Condições de trabalho e valorização da Polícia Penal de Mato Grosso
Déficit de efetivo, plantões prolongados, multiplicidade de atribuições e ausência de dados sistemáticos sobre o adoecimento ocupacional revelam a necessidade de uma política permanente de proteção e valorização dos policiais penais.
A proteção dos direitos das pessoas custodiadas depende de unidades seguras
A experiência internacional demonstra que proteger as pessoas privadas de liberdade e assegurar condições adequadas aos servidores dos estabelecimentos prisionais são dimensões inseparáveis da mesma obrigação estatal.

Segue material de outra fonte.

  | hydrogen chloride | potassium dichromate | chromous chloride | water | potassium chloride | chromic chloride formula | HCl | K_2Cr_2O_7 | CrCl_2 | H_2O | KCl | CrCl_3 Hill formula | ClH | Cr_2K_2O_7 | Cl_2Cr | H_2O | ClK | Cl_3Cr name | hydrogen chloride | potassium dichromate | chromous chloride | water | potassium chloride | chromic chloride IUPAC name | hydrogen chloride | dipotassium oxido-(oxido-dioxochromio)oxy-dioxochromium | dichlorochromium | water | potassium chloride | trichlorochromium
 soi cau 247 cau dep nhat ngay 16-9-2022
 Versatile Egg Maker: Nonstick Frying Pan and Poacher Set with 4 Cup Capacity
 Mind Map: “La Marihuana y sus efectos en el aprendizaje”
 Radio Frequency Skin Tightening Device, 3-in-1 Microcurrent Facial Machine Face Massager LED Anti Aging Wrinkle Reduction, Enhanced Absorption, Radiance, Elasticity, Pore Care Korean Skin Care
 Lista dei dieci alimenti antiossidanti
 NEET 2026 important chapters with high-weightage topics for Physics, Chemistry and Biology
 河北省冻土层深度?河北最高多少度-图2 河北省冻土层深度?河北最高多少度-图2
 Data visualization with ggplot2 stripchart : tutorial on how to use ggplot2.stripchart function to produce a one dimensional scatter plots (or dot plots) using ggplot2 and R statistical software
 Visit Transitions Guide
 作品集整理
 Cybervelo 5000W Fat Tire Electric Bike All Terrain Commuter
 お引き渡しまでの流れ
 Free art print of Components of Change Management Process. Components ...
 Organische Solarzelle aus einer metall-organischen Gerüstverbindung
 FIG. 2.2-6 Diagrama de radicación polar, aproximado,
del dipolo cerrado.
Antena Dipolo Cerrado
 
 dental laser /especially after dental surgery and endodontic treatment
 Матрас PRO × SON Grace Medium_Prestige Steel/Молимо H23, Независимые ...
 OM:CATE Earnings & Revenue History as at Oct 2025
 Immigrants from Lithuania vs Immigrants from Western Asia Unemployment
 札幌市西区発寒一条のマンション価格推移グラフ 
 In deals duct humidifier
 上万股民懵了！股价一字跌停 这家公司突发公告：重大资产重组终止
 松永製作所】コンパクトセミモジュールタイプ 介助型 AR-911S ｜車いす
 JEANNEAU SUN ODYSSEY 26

Um grupo indispensável e quase invisível
Quando se fala em sistema prisional, a atenção pública costuma se concentrar nas pessoas privadas de liberdade. Há, contudo, outro grupo que permanece diariamente no interior das unidades, submetido a riscos físicos, pressão psicológica e elevada responsabilidade institucional: os policiais penais. São esses profissionais que realizam a abertura e o fechamento de celas, as escoltas, a movimentação interna, a contenção de situações críticas e diversas outras atividades indispensáveis à segurança dos estabelecimentos.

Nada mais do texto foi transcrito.